Balıkçılık yönetimi tüm balıkçıların kuralları adil bir şekilde uygulaması ve uyum sağlaması amacıyla veriye, bilimsel tavsiyeye ve kontrol tedbirlerine dayalıdır.
Balıkçılık yönetimi iç kontrol, dış kontrol veya her ikisinin kombinasyonundan oluşabilir.
İç kontrol sulara erişim kuralları, av çabası kontrolleri, teknik önlemlerden oluşur.
Sulara Erişim Kuralları:
AB'de genel kural olarak tekne kayıt sistemine kayıtlı olan teknelerin hepsi tüm AB sularına ve OBP altında yönetilen tüm kaynaklara eşit erişim hakkına sahiplerdir. Balıkçılık yapma hakkı balıkçılık ruhsatı ile verilmektedir.
Eşit erişim hakkına ilişkin iki geçici istisna getirilmiştir:
- Kıyısı bulunun AB Üye Ülkeleri'nin kıyılarından 12 mile kadar olan sularda balıkçılık geleneksel olarak bu sularda avlanan teknelerin lehine sınırlandırılabilir.

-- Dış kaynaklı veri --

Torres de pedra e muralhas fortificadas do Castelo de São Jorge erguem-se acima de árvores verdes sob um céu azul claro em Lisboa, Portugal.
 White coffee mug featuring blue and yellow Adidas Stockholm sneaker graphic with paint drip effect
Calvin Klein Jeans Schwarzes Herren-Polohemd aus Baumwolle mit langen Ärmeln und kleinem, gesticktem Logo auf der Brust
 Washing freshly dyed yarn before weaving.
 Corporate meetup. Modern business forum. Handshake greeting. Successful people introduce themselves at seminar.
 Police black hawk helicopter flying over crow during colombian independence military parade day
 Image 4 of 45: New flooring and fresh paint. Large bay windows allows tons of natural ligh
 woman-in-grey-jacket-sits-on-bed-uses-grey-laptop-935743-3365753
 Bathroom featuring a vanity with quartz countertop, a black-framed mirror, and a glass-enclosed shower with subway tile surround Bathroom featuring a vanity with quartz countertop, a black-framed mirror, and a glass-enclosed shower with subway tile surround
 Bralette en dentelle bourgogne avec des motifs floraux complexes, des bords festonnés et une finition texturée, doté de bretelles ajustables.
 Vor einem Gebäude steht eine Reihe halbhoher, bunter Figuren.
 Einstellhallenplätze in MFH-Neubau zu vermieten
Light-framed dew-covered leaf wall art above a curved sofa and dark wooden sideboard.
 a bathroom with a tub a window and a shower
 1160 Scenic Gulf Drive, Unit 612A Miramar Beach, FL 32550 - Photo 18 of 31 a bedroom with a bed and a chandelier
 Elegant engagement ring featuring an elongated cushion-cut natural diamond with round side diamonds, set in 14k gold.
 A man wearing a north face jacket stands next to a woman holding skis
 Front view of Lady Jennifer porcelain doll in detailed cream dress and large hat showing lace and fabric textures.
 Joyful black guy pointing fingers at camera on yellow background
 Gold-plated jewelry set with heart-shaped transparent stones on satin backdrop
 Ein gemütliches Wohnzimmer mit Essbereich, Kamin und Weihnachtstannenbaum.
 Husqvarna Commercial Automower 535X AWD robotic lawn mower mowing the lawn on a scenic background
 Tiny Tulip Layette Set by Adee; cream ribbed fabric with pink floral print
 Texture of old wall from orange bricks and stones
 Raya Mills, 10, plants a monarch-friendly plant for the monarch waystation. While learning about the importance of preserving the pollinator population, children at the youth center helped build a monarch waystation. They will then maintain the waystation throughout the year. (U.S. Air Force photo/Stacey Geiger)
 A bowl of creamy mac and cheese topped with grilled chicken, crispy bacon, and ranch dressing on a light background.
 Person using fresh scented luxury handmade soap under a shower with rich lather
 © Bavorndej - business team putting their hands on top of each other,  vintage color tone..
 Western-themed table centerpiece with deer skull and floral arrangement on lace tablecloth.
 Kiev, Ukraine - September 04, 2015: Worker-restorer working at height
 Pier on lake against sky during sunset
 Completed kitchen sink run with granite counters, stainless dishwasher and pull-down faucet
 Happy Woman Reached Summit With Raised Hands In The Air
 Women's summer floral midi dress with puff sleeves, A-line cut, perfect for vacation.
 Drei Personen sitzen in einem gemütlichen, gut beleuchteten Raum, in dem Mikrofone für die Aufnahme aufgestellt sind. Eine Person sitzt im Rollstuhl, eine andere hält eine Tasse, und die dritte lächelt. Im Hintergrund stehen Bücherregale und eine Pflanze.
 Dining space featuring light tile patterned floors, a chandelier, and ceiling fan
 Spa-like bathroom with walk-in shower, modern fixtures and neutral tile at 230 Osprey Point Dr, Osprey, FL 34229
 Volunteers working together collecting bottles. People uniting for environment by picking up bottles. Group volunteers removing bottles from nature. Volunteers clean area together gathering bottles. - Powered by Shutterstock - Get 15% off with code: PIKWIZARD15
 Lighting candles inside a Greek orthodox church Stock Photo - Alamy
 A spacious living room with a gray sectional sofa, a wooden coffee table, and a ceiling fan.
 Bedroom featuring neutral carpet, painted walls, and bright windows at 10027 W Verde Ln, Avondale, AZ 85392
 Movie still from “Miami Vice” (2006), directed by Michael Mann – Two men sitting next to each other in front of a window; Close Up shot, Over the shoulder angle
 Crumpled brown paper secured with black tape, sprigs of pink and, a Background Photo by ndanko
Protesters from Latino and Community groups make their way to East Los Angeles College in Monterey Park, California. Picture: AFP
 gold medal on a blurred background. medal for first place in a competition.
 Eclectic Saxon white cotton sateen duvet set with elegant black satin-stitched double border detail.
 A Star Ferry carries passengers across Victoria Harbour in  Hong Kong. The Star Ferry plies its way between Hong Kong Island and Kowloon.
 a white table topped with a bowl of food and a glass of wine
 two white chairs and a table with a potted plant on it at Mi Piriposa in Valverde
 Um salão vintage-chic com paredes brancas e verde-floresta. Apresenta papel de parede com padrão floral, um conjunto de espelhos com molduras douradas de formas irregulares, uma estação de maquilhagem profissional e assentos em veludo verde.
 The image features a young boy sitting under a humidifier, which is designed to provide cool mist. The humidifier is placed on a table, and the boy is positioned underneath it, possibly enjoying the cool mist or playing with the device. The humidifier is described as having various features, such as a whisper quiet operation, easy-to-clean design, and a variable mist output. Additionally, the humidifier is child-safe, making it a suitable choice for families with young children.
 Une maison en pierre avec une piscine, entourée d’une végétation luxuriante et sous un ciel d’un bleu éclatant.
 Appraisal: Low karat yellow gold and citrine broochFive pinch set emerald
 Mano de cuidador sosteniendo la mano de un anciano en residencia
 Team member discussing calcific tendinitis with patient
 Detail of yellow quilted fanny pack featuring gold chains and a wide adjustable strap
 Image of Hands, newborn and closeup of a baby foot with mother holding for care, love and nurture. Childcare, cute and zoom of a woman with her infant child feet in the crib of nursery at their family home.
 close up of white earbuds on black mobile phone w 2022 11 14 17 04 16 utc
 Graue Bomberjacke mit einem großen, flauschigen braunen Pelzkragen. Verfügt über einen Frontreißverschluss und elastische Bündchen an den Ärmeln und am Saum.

- Avrupa'nın çevre dışı bölgelerinin kıyılarından 100 mile kadar olan sular bu bölgelerdeki limanlara kayıtlı teknelerin ve geleneksel olarak bu sularda avlanan teknelerin lehine sınırlandırılabilir.
Söz konusu istisnalar 2022 yılının sonuna kadar geçerliliğini yitirecektir.
Av Çabası Kontrolleri
Av çabası yönetimi bir filonun av kapasitesinin ve denizde geçirdiği sürenin sınırlandırılması çalışmalarının birleşimidir. Av çabası sınırlamaları genel olarak, daha çok başvurulan Toplam Müsaade Edilebilir Av Miktarı sistemine ek olarak kullanılmaktadır.
Av çabası sınırlamaları belirli stok veya stok grubunun yönetimine yönelik çok yıllı planlar altında veya alan temelli olarak belirli durumlarda kullanılmaktadır. Av çabası sınırlamalarına Kuzey Denizi'ndeki dil ve pisi balığı yönetim planları ve batı sularında avcılığı düzenleyen kurallar örnek olarak gösterilebilir. Aynı zamanda, Akdeniz'deki yönetim planları da zaman zaman av çabası sınırlamaları merkezinde yürütülmektedir.
Teknik Önlemler
Teknik önlemler balıkçıların nasıl, nerede ve ne zaman avlanacaklarını yöneten bir dizi kurallar bütünüdür. Bu kurallar Avrupa'nın tüm deniz havzaları için oluşturmakta fakat bölgesel durumlara göre bir havzadan diğerine değişiklik göstermektedir.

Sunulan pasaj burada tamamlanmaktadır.